Harris ditched the Jeep nearby. He was walking down the street when police picked him up. First he denied any knowledge of the Jeep or teens burglars.
During a 14 hour police interview, he gradually admitted to encountering the officer, shutting his eyes and gunning the Jeep.
Caprio's death set off a firestorm of debate, much of it racially charged. She was white; Harris, black.
Prominent African American defense attorney Warren Brown took on the teen's defense pro bono.
"I got in this case a day after Officer Caprio died," he told the jury, "after reading on social media somebody needs to string him up by his testicles."
Deputy State's Attorney Robin Coffin told jurors she was grateful they would decide the teen's fate _ not a lynch mob.
"Praise the Lord this isn't a lynching," she told them. "Praise the Lord we are not in that day."
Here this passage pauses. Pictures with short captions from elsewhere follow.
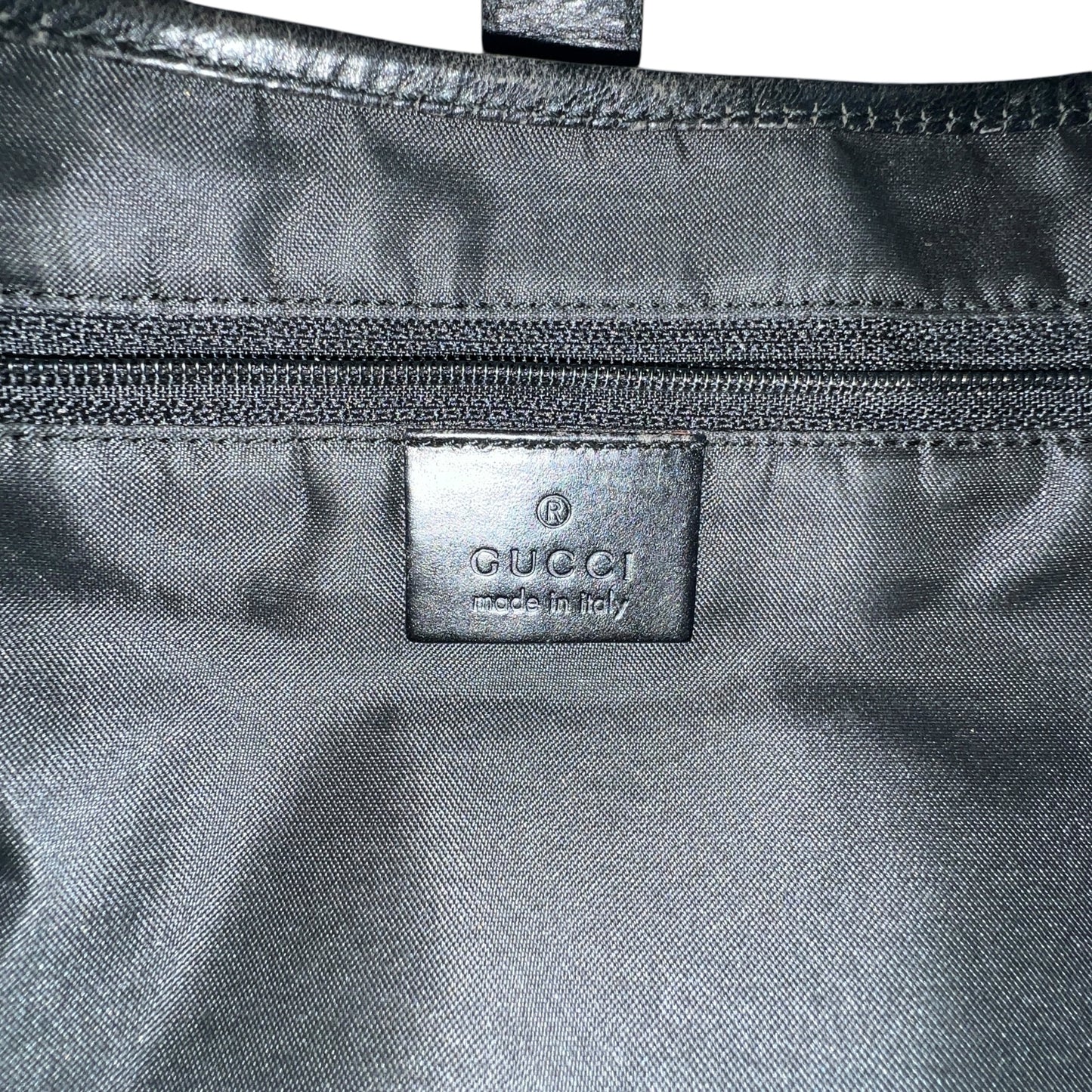 Gucci Monogram Canvas Jackie Handbag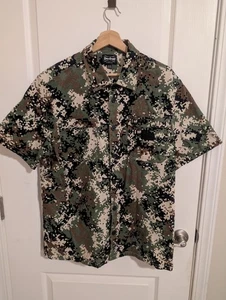Camisa de hombre Snoop Dogg Dogg Supply manga corta con botones Minecraft camuflaje - Imagen 1 de 4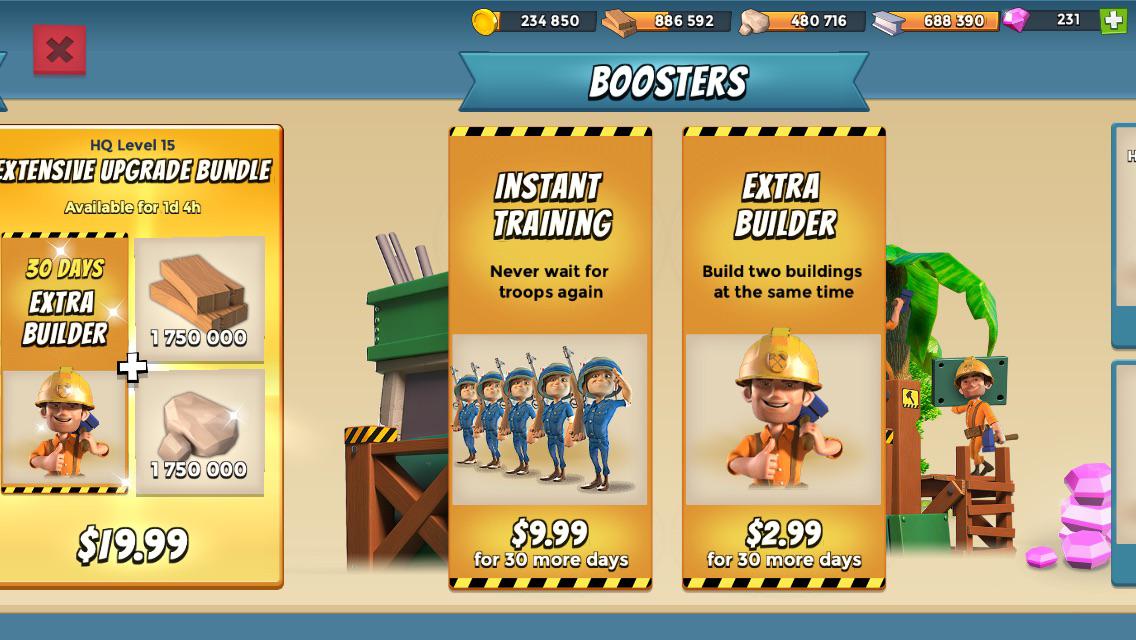 boom beach subscriptions game monetization features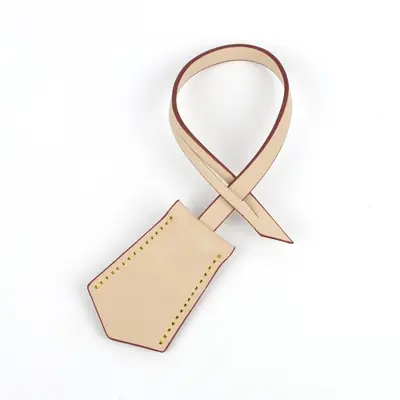 Image de Étiquette de Bagage en Cuir Personnalisée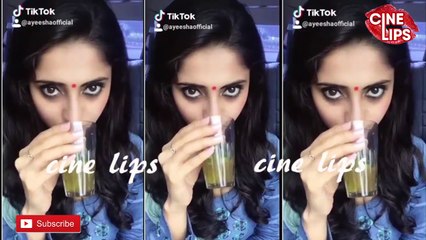 Vijay Tv Ponmagal Vanthal Serial Ayesha New Dubsmash Collections_In Cine lips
The ninth grader from Gilmor Homes in West Baltimore was the first of four teens to stand trial in Caprio's death.
The case against Harris hinged on whether jurors believed the boy burglarized two homes with his friends before running over the officer. Prosecutors charged him as am adult with "felony murder," meaning a felony crime in which a death is foreseeable. For example, when a burglar breaks into a home, awakens the owner and kills him in a struggle. Prosecutors had to prove not only murder, but the burglary too.
In his closing argument Tuesday, Brown conceded that the teen killed Caprio.
"It ain't a matter of innocence. We know that he is responsible for her death and that's between him and God," Brown told the jury.
Instead, the defense attorneys sought to distance Harris from the burglaries, portraying him merely as a "dumb kid." They said the teen didn't ask too many questions when he hopped in a snazzy Jeep with his pals went joyriding in the suburbs. Even when the others began burglarizing homes, Brown said, Harris waited in the car.
"It's not in his spirit to hurt anybody. That's why he didn't go up in these homes," Brown told the jury.
Coffin, however, described Harris not as a naive teen hiding in the Jeep but as the lookout and getaway driver. She showed the jury text messages and phone call logs between Harris and the teens inside.
He waited outside in the Jeep 42 minutes while the teens burglarized one particular home, she told jurors.
"The defendant wants you to think he had no idea what's happening," Coffin said. "To suggest that he's not a primary actor is absurd."
Caprio was the 10th officer killed in the 144-year history of the Baltimore County Police Department. She was the first officer to die in the line of duty since Jason Schneider was gunned down while serving an arrest warrant in Catonsville six years ago.